# New Horizons Pictures of Ultima Thule



## Joshua Jones (Jan 2, 2019)

So, apparently, Frosty the Snowman has retired to the Kuiper Belt...

BBC News - Nasa's New Horizons: 'Snowman' shape of distant Ultima Thule revealed
'Snowman' shape of distant Ultima revealed


----------



## Alex The G and T (Jan 2, 2019)

Awesome!  They should call it "Calvin and Hobbes."


----------



## Brian G Turner (Jan 3, 2019)

It's a great pic:


----------



## Joshua Jones (Jan 3, 2019)

Alex The G and T said:


> Awesome!  They should call it "Calvin and Hobbes."


Right! We need to get this suggestion into the hands of the scientific community before the current naming sticks...



Brian G Turner said:


> It's a great pic:


It really catches Frosty's good side, doesn't it? You can just see his smile if you look close enough...


----------



## Brian G Turner (Jan 3, 2019)

Sorry, I should have linked the colour composite - the left is the colour image, the middle is the reflectivity one, and the right-hand image is the composite:


----------



## Brian G Turner (Jan 3, 2019)

Am I the only one who sees that pic and starts humming "So you want to build a snowman?"


----------



## SilentRoamer (Jan 4, 2019)

Brian G Turner said:


> Am I the only one who sees that pic and starts humming "So you want to build a snowman?"

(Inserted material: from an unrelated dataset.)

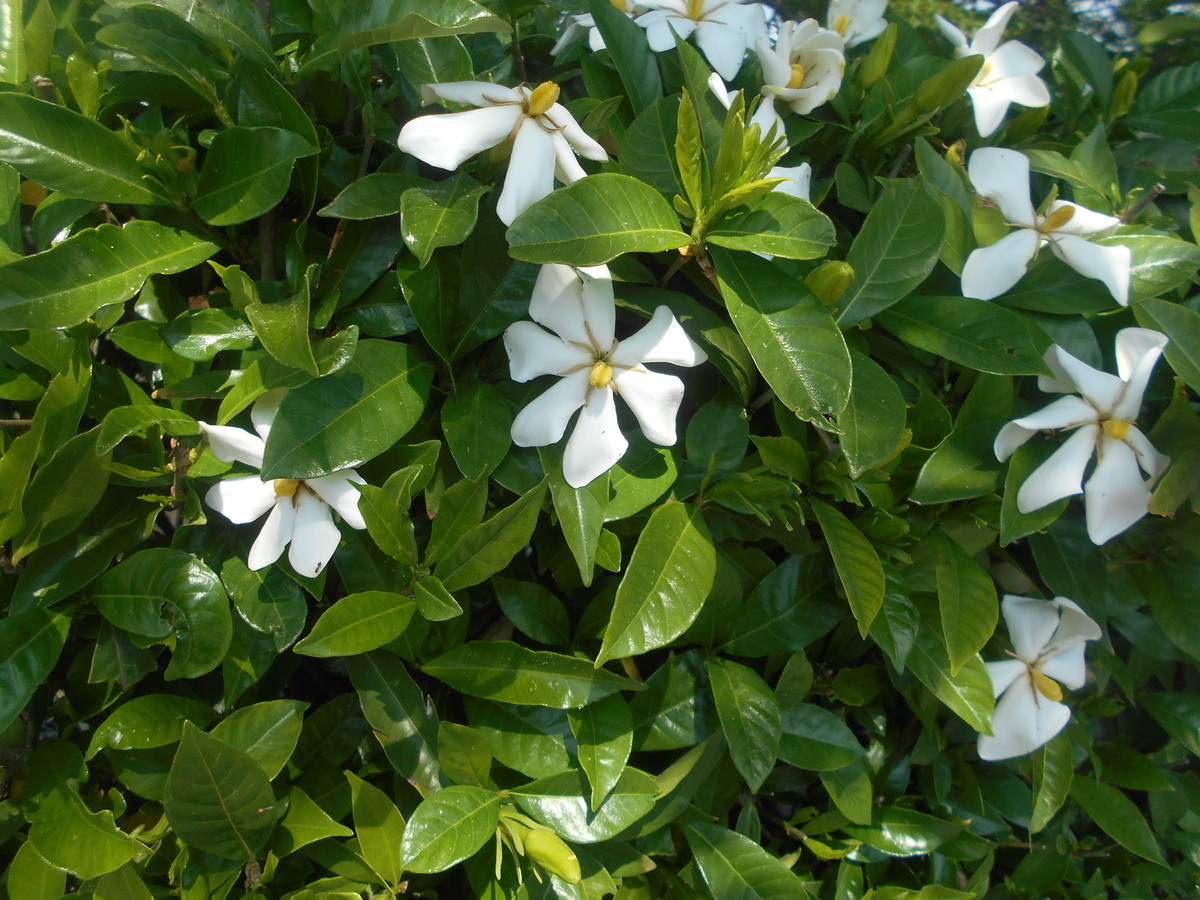 f:id:iirei:20190611053445j:plain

If you were the only one then you're not anymore.

Thanks Brian!!!


----------



## Joshua Jones (Jan 4, 2019)

Brian G Turner said:


> Am I the only one who sees that pic and starts humming "So you want to build a snowman?"

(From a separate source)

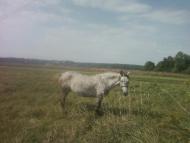 Багатківці  і околиці  села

My first though on the color ones was Frosty the Snowman was embarrassed to be photographed by the interplanetary popperazzi without his hat, but now that you mention Olaf...


----------



## Serendipity (Jan 26, 2019)

A new more detailed picture of Ultima Thule was released by NASA yesterday. See Best image yet of 'space snowman'


----------



## Stephen Palmer (Jan 26, 2019)

Amazing!


----------



## Brian G Turner (Feb 10, 2019)

And now... less of a "snowman" and more like a flat "gingerbread man":

'Space snowman' appears squashed


----------



## Serendipity (Feb 10, 2019)

Knew there'd be some surprises with Ultima Thule... I'm sure the astrophysics modellers are going to have real fun with this...


----------